Does a personal parallel computer really help me? At first blush, I am having a hard time seeing how. Clearly, there are CPU intensive workloads that people have mentioned in this discussion - ray tracing is one. The video mentions robotics and algorithms. I have mixed feelings about that since I personally believe the future of robotics lies in computation off the physical robot itself - aka cloud robotics. A use case I personally would find beneficial is the ability to run dozens of VMs on the same machine. Heck ... each of my 50 open browser tabs could run inside separate VMs. I know light weight container technology is around for a while. e.g. jails, LXC. But what about hypervisor-based virtualization - e.g. VMWare, Xen, etc.? While the parallelization offered by this tech would be awesome, what seems to be missing is the ability to address lots and lots of memory.

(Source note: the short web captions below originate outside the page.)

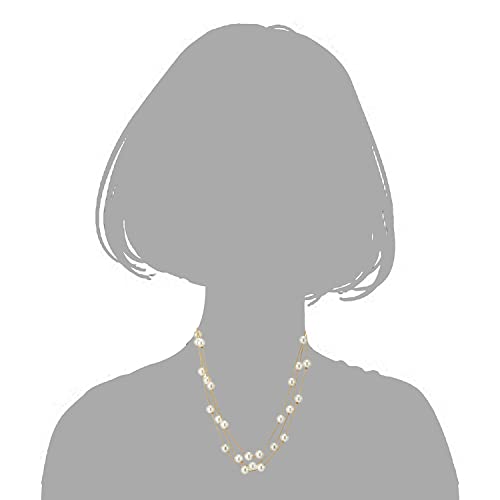Women's Cream Pearl Triple Strand Necklace, Multi Layered Gold Toned Chain Jewelry, Elegant Luminous Beaded Choker, Classic Glamour Accessory, Gift for Her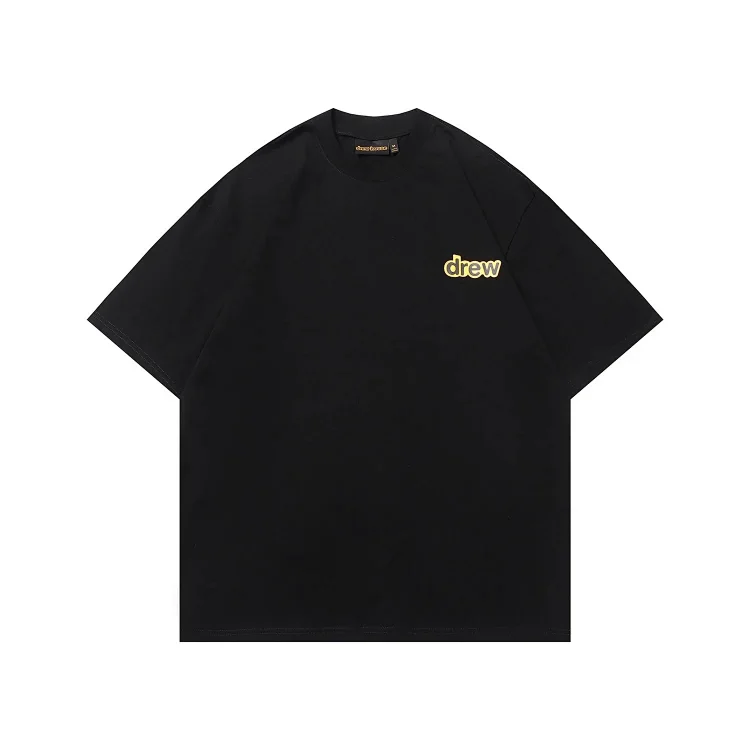 DREW HUOSE Summer classic Justin Bieber matching smiley face pattern round neck versatile T-shirt for couples(pic25) DREW HUOSE Summer classic Justin Bieber matching smiley face pattern round neck versatile T-shirt for couples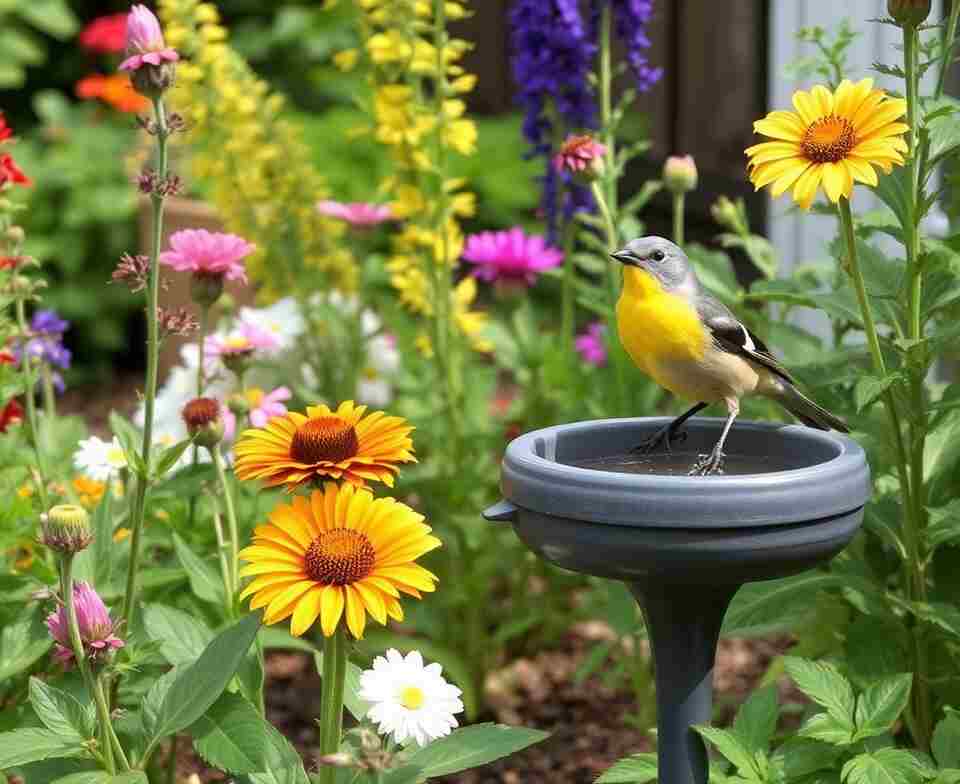 A bird perched on a bird bath in a bird-friendly backyard.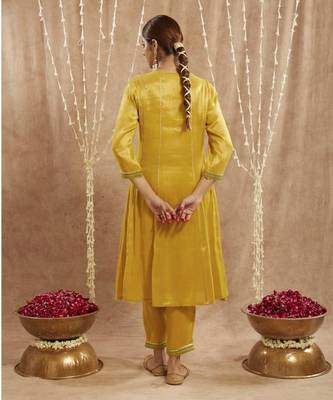 Sunshine yoke tissue anarkali with 
narrow pants 3
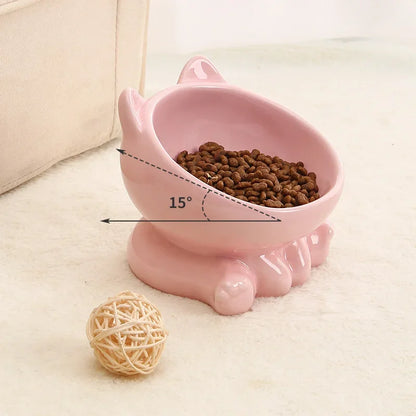 Cat Food and Water Bowl High Feet Ceramic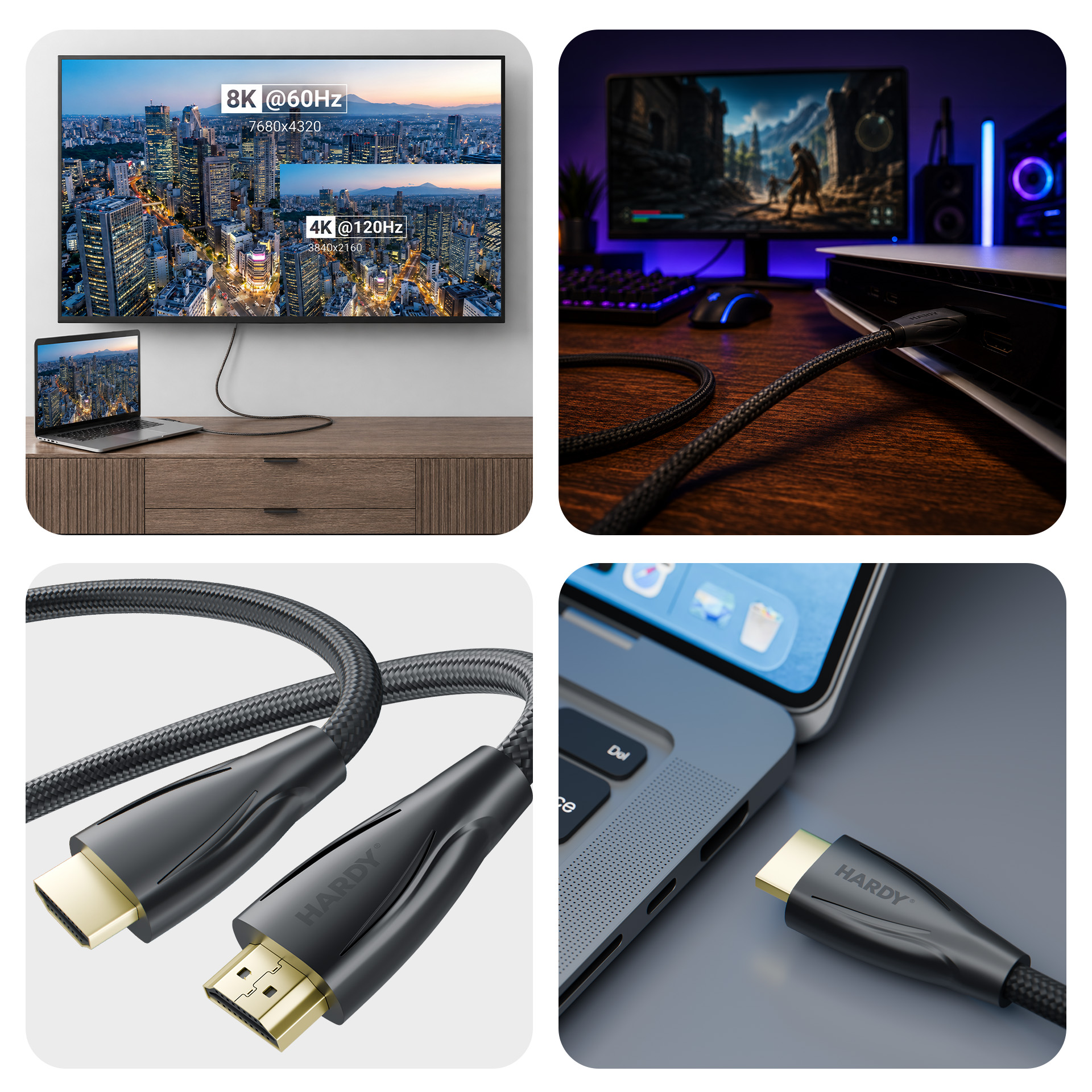 Cavo HDMI con connettori dorati collegato a laptop e console.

Back in 06, I remember seeing fear in the eyes of some hardware and software engineers. In the next year, we were supposed to have 100 cores in our plain old desktops. How the heck are we going to program them? I found the situation a bit irrational. Every talk started with the death of Moore's Law because we couldn't shrink dies any further. More cores was posited as the only solution. Except, no one could code them for general purpose apps like Word, Excel, etc. In retrospect, I wonder why I don't have 100 cores in my desktop in 2012. I suspect because they aren't useful for average joe user.

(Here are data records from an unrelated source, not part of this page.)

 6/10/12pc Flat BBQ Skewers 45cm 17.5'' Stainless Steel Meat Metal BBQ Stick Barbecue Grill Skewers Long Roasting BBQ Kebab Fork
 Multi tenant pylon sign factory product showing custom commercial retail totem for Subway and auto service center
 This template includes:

P.S. Forgive my directionless rambling. I don't have a particularly strong opinion on this subject anymore.
That plus cheap access to a massively parallel computer could also be very interesting.
Except where raspberry Pi + online storage could be useful to many, many people. Massive parallelism is probably only interesting to folks like us.
I suspect the problem is that it has no compelling (and immediate) "use case". If they could communicate a set of application ideas then I suspect that a whole new raft of supporters will be happy to risk at least $99.
Also, the $3million stretch goal is just waaaaay too far, too bad that the better design is floated for just that level.
Hoping their funding drive succeeds. I am liking the fact that ISA is being fully documented and we will have a fully open-source toolchain to work with the system.
(Disclaimer: Not associated with Adapteva in any way).
But on purely geek terms this thing seems to warrant a "holy shit":
http://www.adapteva.com/products/silicon-devices/e64g401/
Again I don't know how (un)common that sort of thing is but I wasn't expecting to see 64 cores in that tiny form factor. Does anyone here know how cutting edge this thing is if at all?
[Edit]
Also does anyone here want to address use cases for this thing?
It is not really a performance designation. It doesn't define a certain architecture or design.
It is pretty clearly an economic designation.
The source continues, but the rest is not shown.